Data section:

- Opening Delimiter -

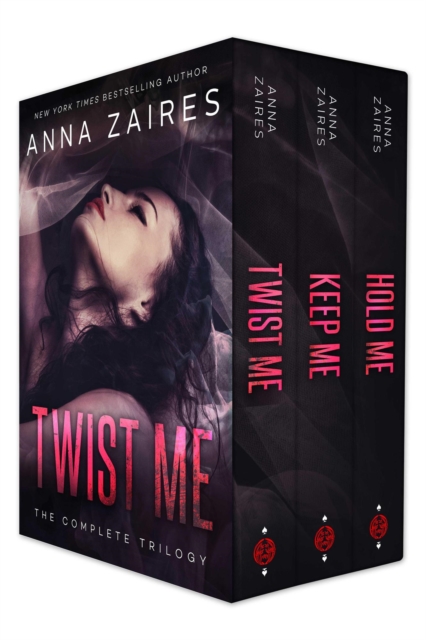 Twist Me: The Complete Trilogy, EPUB eBook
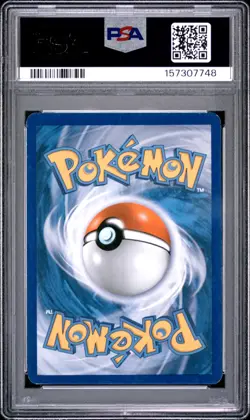 Pokemon Charizard Plasma Storm 136/135 PSA 5 - Image 2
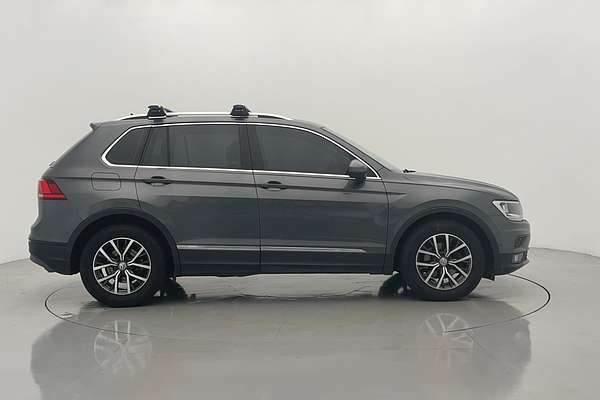 2018 Volkswagen Tiguan 110TSI Comfortline 5N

- Closing Delimiter -

Directions:
An exact copy of all the data above is required; omit any pictures.

Reply:
 Twist Me: The Complete Trilogy, EPUB eBook
 Pokemon Charizard Plasma Storm 136/135 PSA 5 - Image 2
 2018 Volkswagen Tiguan 110TSI Comfortline 5N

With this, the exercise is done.